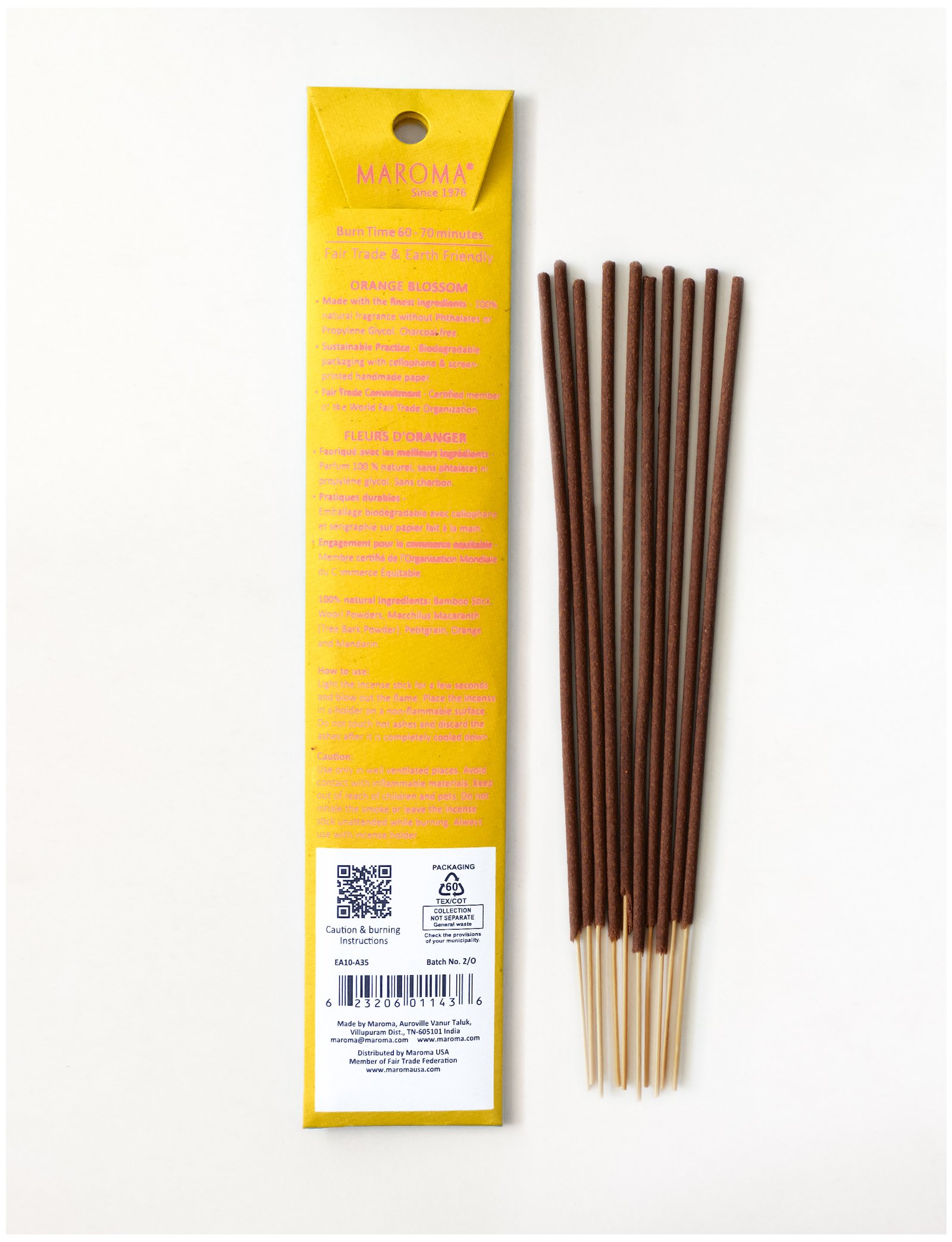 Orange Blossom Incense Sticks view 2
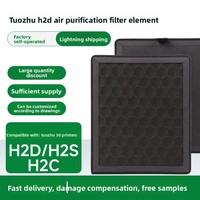 Kartrid Filter Pemurni Udara untuk Printer 3D Tiertime H2DH2SH2C Suku Cadang Pengganti Karbon Aktif Buatan China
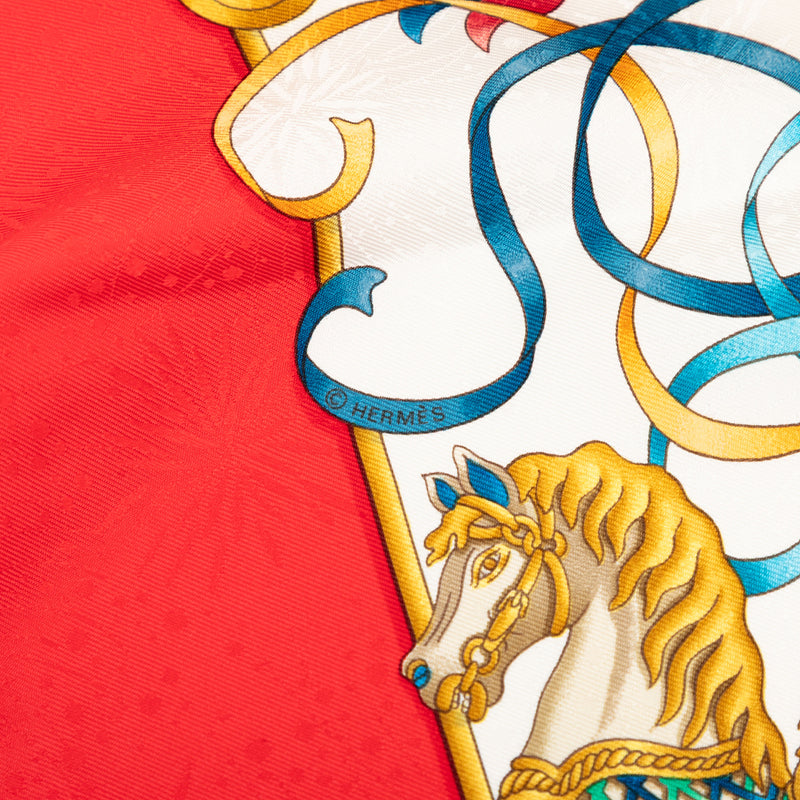 Luna Park Silk Scarf 90 - Image 5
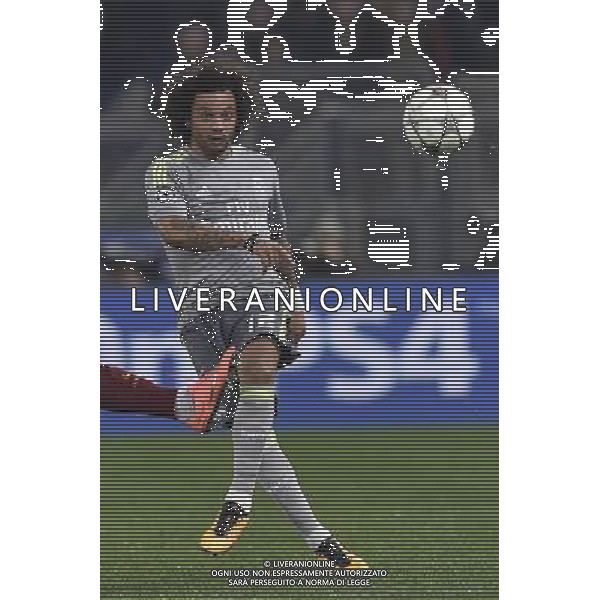 UEFA Champions League 2015-2016 ottavi di finale - Roma 17.02.2016 - AS Roma vs Real Madrid - nella foto: Marcelo / Ph. Corradetti - Ag. Aldo Liverani Sas / AGENZIA ALDO LIVERANI SAS 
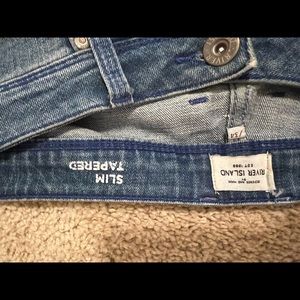 Slightly used River Island jeans.
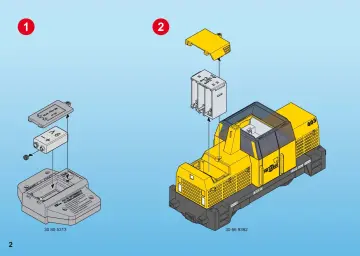 Bauanleitungen Playmobil 5258-A - Neuer RC-Güterzug mit Licht und Sound (2)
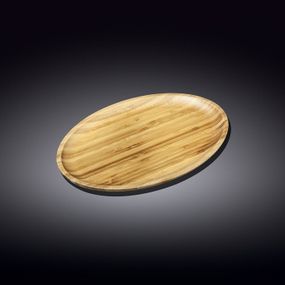 Тарілка бамбукова Wilmax Bamboo WL-771063 овальна 20,5х11, 5 см сервірувальна екологічна
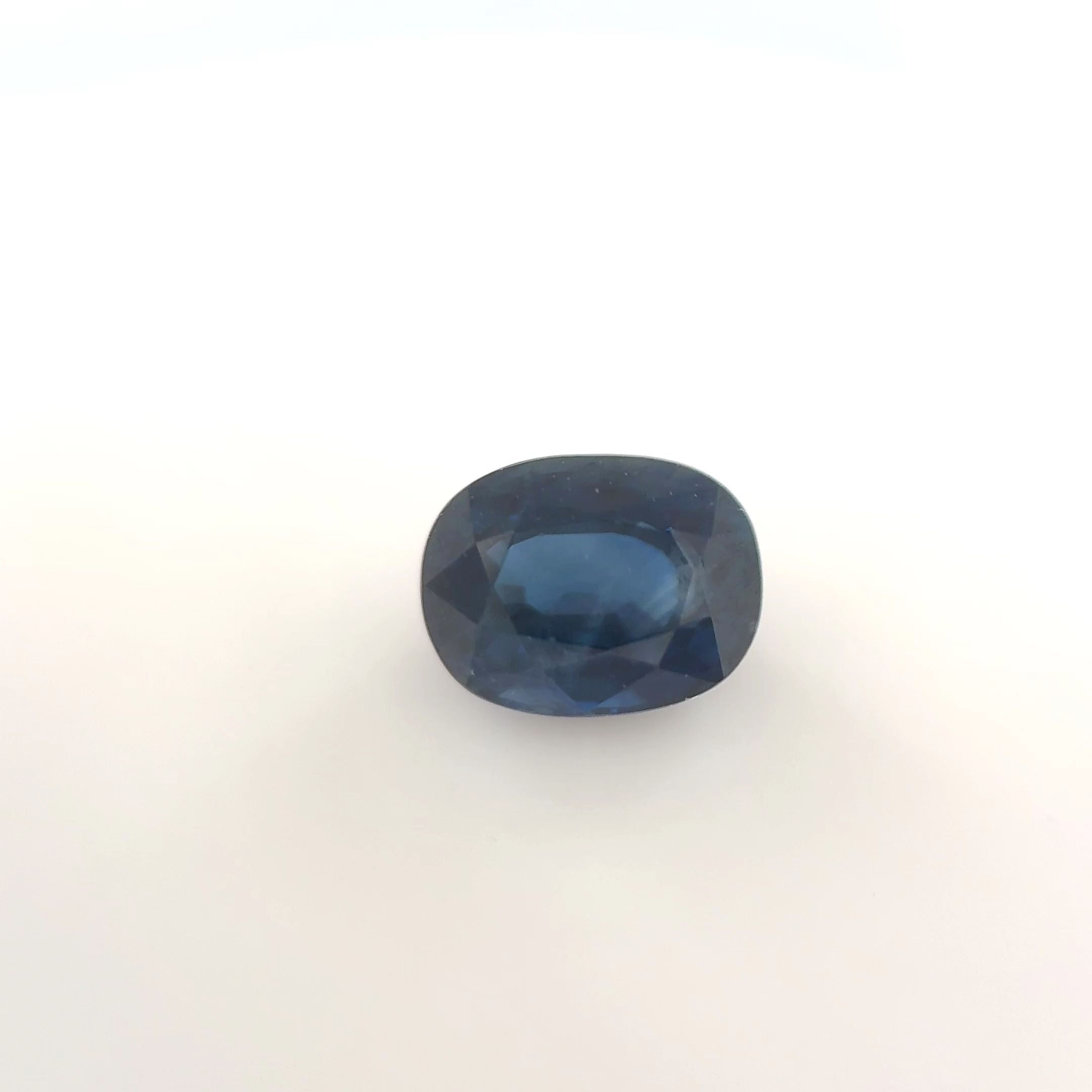 Szafir 1,14 ct, niebieski, szlif owalny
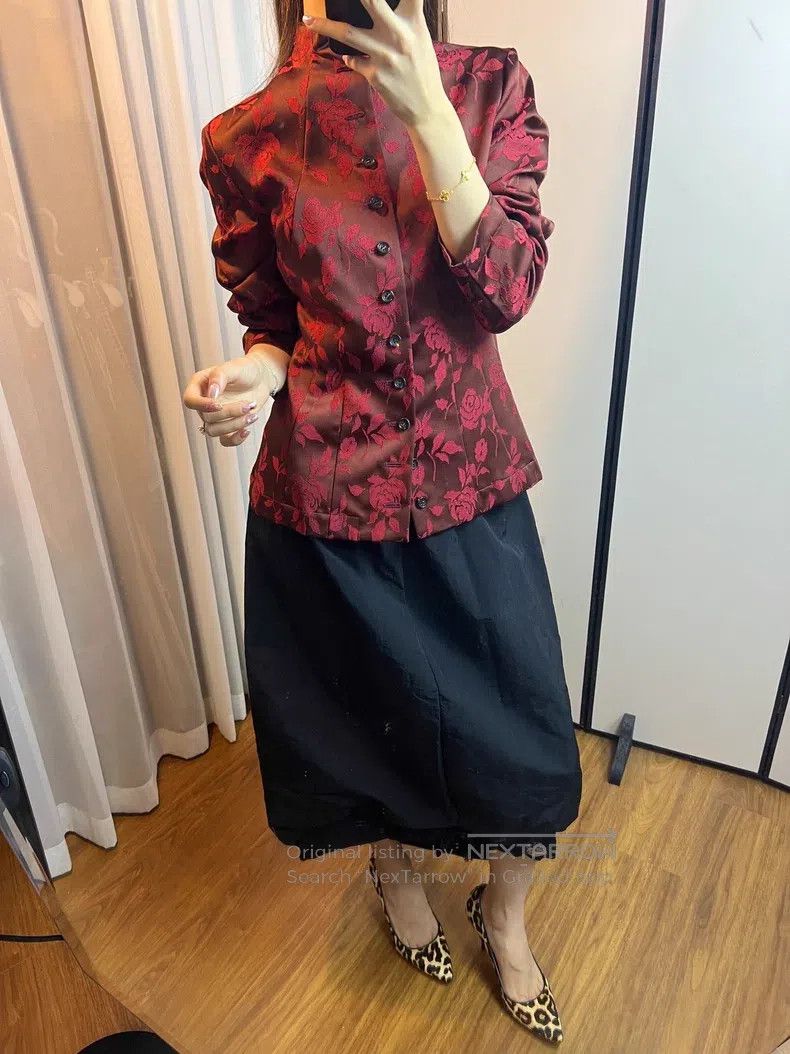 Comme des Garcons Comme Des Garcons Embroidered Chinese Style Coat Size M / US 6-8 / IT 42-44 - 8 Thumbnail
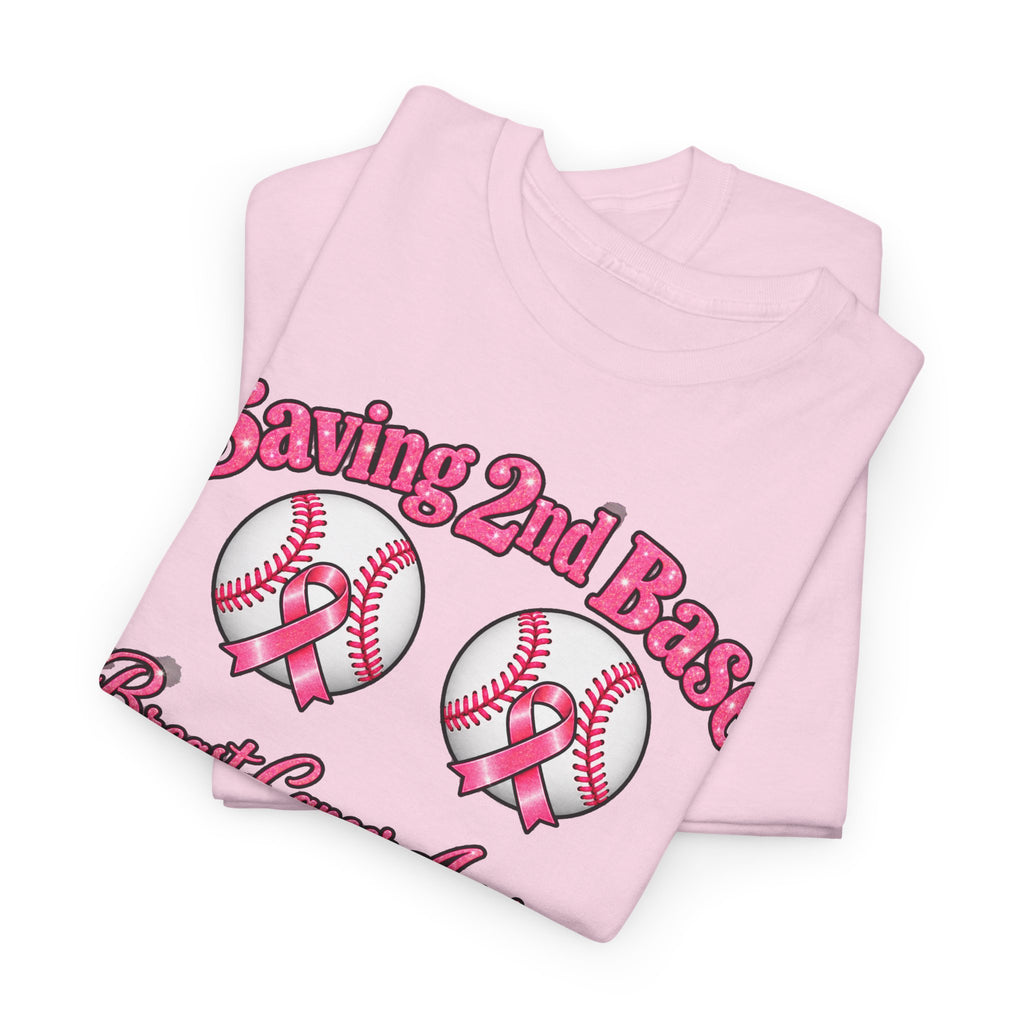 Saving 2nd Base Breast Cancer Awareness T-Shirt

_ _ _

Reproduce the material word for word. Any pictures should be left out of the copy.

THE COMPLETED TASK:
 Orange Blossom Incense Sticks view 2
 Kartrid Filter Pemurni Udara untuk Printer 3D Tiertime H2DH2SH2C Suku Cadang Pengganti Karbon Aktif Buatan China
 Luna Park Silk Scarf 90 - Image 5
 UEFA Champions League 2015-2016 ottavi di finale - Roma 17.02.2016 - AS Roma vs Real Madrid - nella foto: Marcelo / Ph. Corradetti - Ag. Aldo Liverani Sas / AGENZIA ALDO LIVERANI SAS 
 Slightly used River Island jeans.
 Bauanleitungen Playmobil 5258-A - Neuer RC-Güterzug mit Licht und Sound (2)
 Тарілка бамбукова Wilmax Bamboo WL-771063 овальна 20,5х11, 5 см сервірувальна екологічна
 Szafir 1,14 ct, niebieski, szlif owalny
 Comme des Garcons Comme Des Garcons Embroidered Chinese Style Coat Size M / US 6-8 / IT 42-44 - 8 Thumbnail
 Saving 2nd Base Breast Cancer Awareness T-Shirt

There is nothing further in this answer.